◆ EXERCISE AIM ◆
Once the data has been read, restate all of it exactly.

(Dataset entries)
-- Opening Marker --

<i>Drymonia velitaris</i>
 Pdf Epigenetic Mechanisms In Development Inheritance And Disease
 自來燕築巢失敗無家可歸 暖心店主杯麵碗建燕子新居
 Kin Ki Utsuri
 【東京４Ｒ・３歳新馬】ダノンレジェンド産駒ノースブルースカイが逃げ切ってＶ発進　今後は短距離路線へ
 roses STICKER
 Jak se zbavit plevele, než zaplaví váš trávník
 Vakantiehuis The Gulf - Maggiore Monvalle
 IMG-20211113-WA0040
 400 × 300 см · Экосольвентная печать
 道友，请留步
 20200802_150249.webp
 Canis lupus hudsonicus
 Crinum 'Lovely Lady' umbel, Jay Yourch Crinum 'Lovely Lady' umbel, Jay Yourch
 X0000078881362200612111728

-- Closing Marker --

◆ COMPLETED TASK ◆
<i>Drymonia velitaris</i>
 Pdf Epigenetic Mechanisms In Development Inheritance And Disease
 自來燕築巢失敗無家可歸 暖心店主杯麵碗建燕子新居
 Kin Ki Utsuri
 【東京４Ｒ・３歳新馬】ダノンレジェンド産駒ノースブルースカイが逃げ切ってＶ発進　今後は短距離路線へ
 roses STICKER
 Jak se zbavit plevele, než zaplaví váš trávník
 Vakantiehuis The Gulf - Maggiore Monvalle
 IMG-20211113-WA0040
 400 × 300 см · Экосольвентная печать
 道友，请留步
 20200802_150249.webp
 Canis lupus hudsonicus
 Crinum 'Lovely Lady' umbel, Jay Yourch Crinum 'Lovely Lady' umbel, Jay Yourch
 X0000078881362200612111728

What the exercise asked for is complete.